How to Run Your Own DNS-over-HTTPS Resolver with AdGuard Home

DNS-over-HTTPS (DoH) encrypts your DNS queries, preventing ISPs, network administrators, and attackers from monitoring which websites you visit. While public DoH resolvers like Cloudflare and Google exist, running your own gives you complete control over your DNS privacy, ad-blocking capabilities, and query logs. In this comprehensive guide, you’ll learn how to set up your own DNS-over-HTTPS resolver using AdGuard Home.

Why Run Your Own DoH Resolver?

Privacy and Control: When you use public DNS resolvers, you’re trusting third parties with metadata about every website you visit. Running your own DoH resolver keeps this data under your control. You decide what gets logged, how long logs are retained, and who has access to them.

Centralized Ad-Blocking: AdGuard Home combines DNS-over-HTTPS encryption with powerful ad-blocking and tracker filtering. Instead of configuring ad-blockers on every device, your DoH resolver blocks ads network-wide for all connected devices — phones, tablets, smart TVs, and IoT devices.

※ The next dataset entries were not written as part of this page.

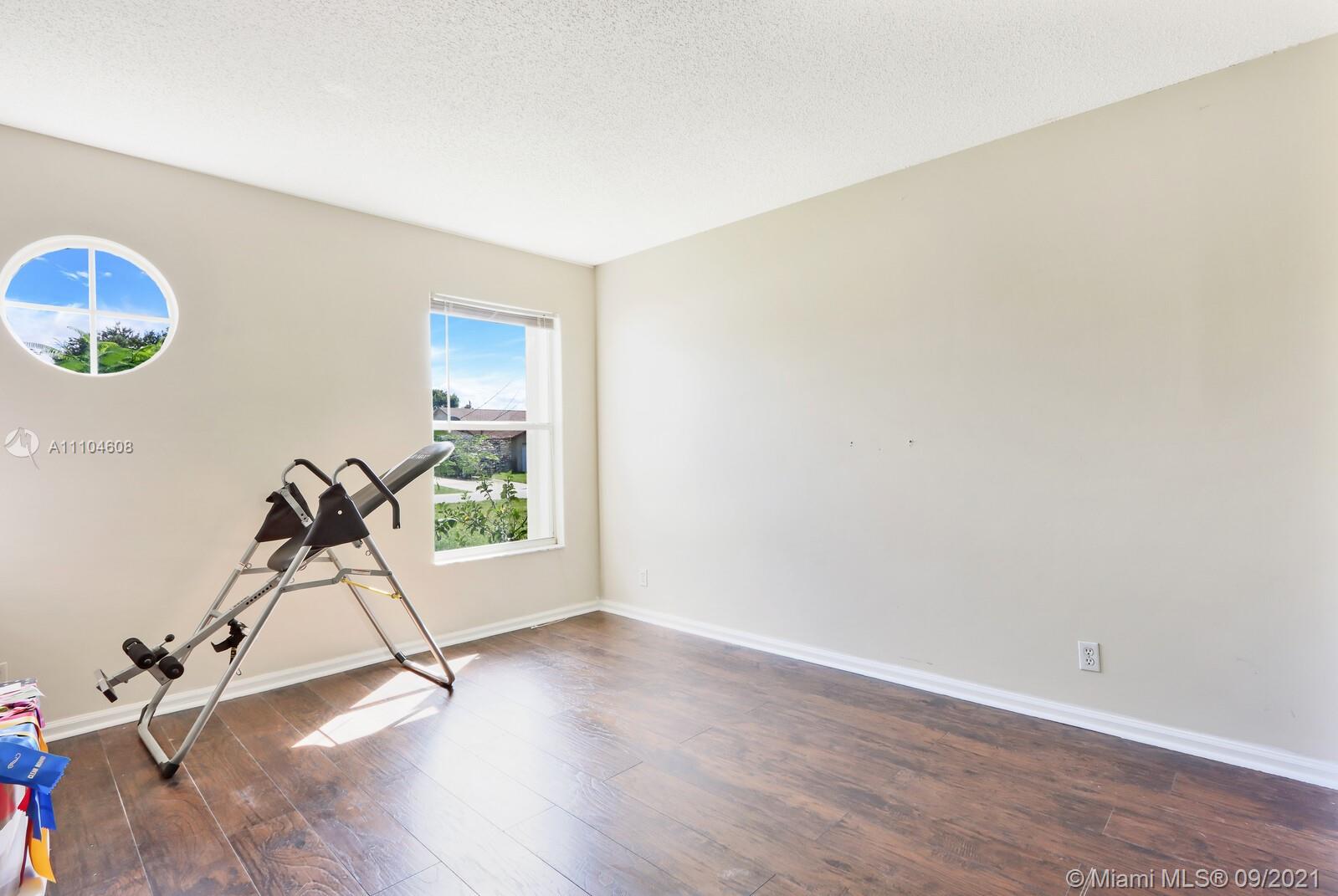 6247 Robinson Street Jupiter, FL 33458 - Photo 19 of 56 a room with gym equipment and a wooden floor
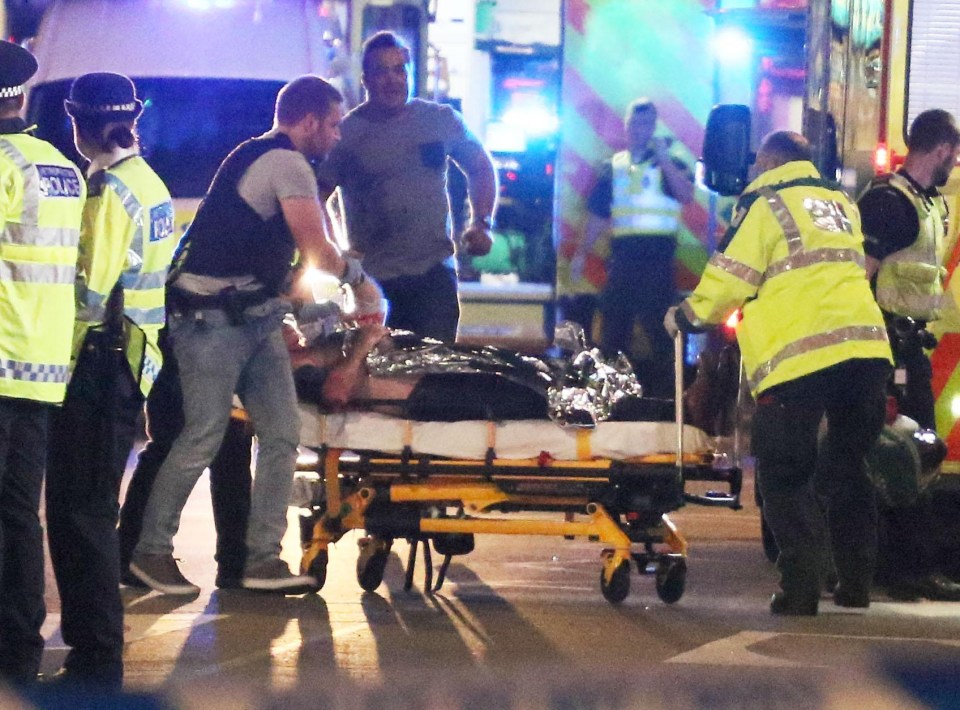 Armed police help a victim who is being stretchered into an ambulance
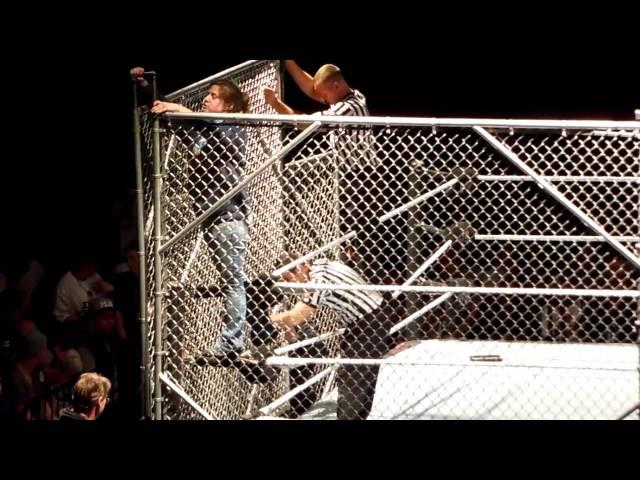 WWE Ring Crew Sets Up the Steel Cage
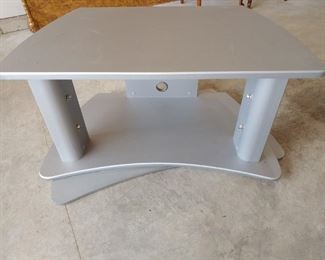 grey swivel  TV stand 43 x 21w x  22h  Please see next photo    $15
NOW FREE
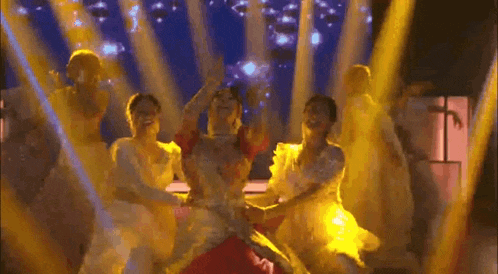 a group of dancers are dancing on a stage in front of a blue background .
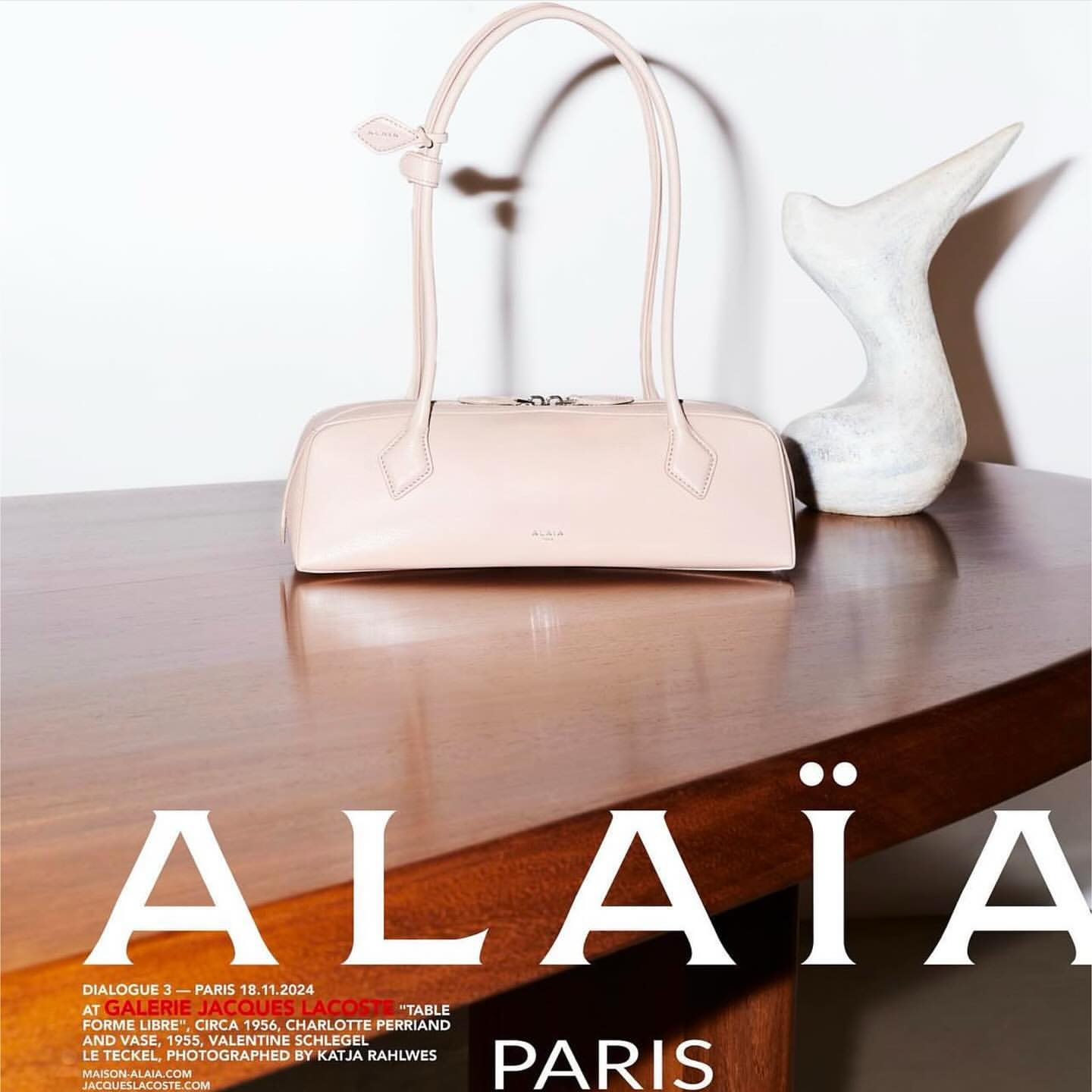 Elegant cream-colored leather handbag with dual top handles on a polished wood table, paired with a modern white sculpture.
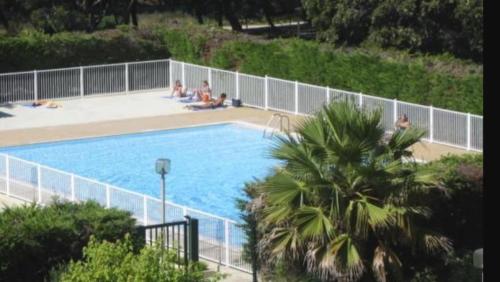 une grande piscine avec des personnes assises autour de celle-ci dans l'établissement Duplex T3 facing Coudoulière Beach, à Six-Fours-les-Plages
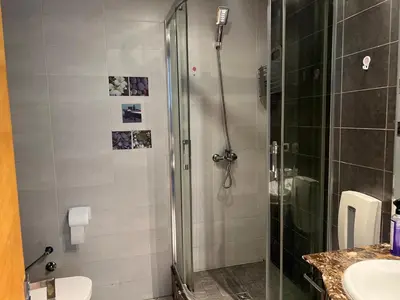 a bathroom with a shower and a toilet and a sink at Appartement centre de casablanca in Casablanca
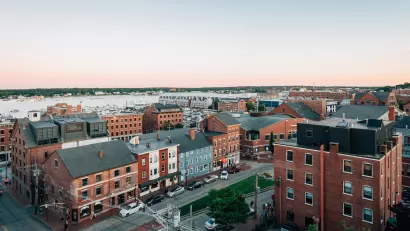 Aerial view of mid-rise brick buildings in Portland, Maine on waterfront.
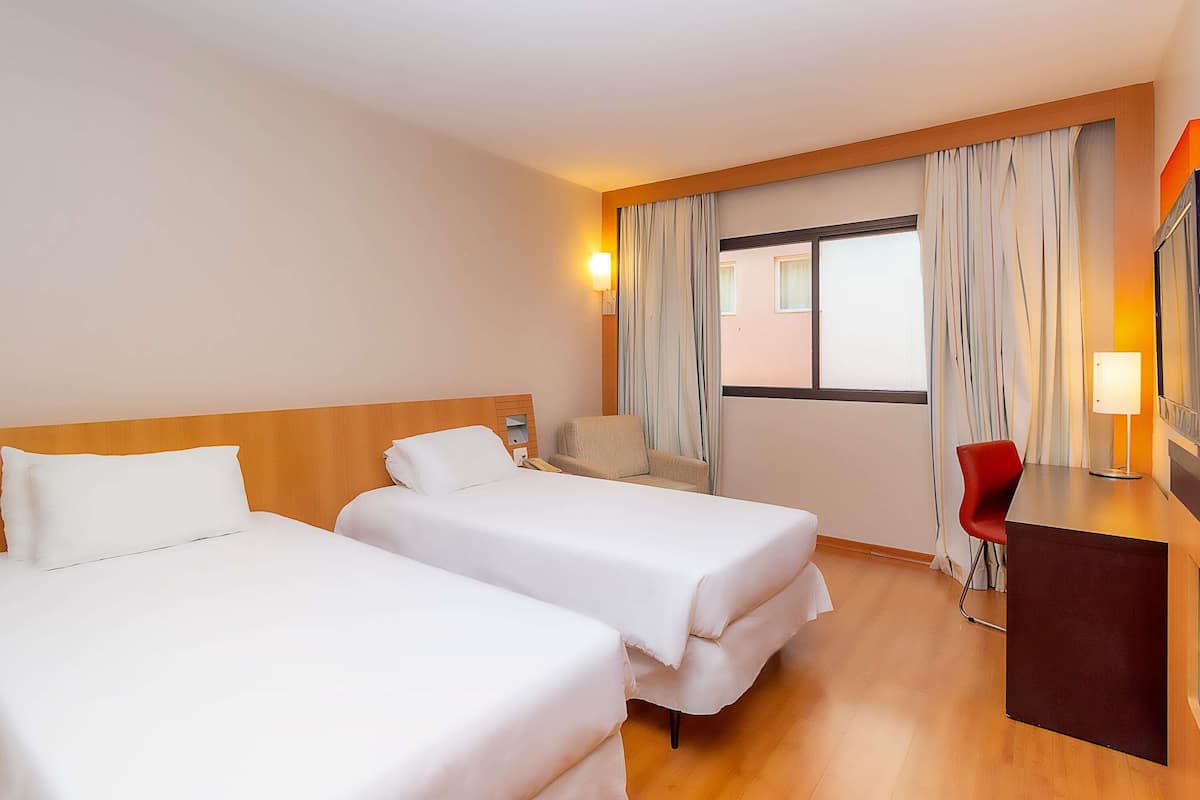 Ein Hotelzimmer mit zwei Betten, einem Schreibtisch, einem Stuhl, einem Fernseher und einem Fenster mit Vorhängen.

Protection from DNS Hijacking: Many ISPs hijack DNS queries to inject ads, redirect typos to search pages, or log your browsing history. DoH encryption prevents this interference, ensuring your queries reach your resolver unmodified.

Bypass DNS-Based Censorship: Encrypted DNS prevents network-level censorship based on DNS filtering. While VPNs offer broader protection, DoH alone can bypass many simple DNS-based blocks without the performance overhead of a full VPN tunnel.

Better Performance: Running a local DoH resolver eliminates latency from remote DNS services. Queries stay on your network until they’re forwarded upstream, and AdGuard Home’s aggressive caching reduces upstream queries significantly.

Prerequisites

Before starting, you’ll need:

• A server or homelab device: Any Linux system will work. A mini PC like the Beelink SER5 Max or Intel NUC makes an excellent always-on DNS server
• Docker and Docker Compose installed: We’ll use containers for easy deployment and isolation
• A domain name: For proper TLS certificates (Let’s Encrypt requires a real domain)
• Port 443 and 53 available: DoH uses HTTPS (443), and standard DNS uses port 53
• Basic Linux command-line knowledge: You’ll be editing configuration files and running Docker commands

Understanding DNS-over-HTTPS Architecture

Before diving into configuration, let’s understand how DoH works:

Standard DNS sends queries in plaintext over UDP port 53. Anyone monitoring your network (ISP, Wi-Fi administrator, attacker) can see every domain you query. DNS responses are also unencrypted and can be spoofed.

DNS-over-HTTPS encapsulates DNS queries inside HTTPS requests. Your device sends encrypted HTTPS traffic to your DoH resolver on port 443 (or 853 for DNS-over-TLS). The queries are encrypted using TLS, making them indistinguishable from regular HTTPS traffic.

Your DoH resolver (AdGuard Home) receives these encrypted queries, decrypts them, processes them (applying filters and ad-blocking rules), then forwards them to upstream DNS servers. The responses follow the reverse path back to your client, encrypted end-to-end.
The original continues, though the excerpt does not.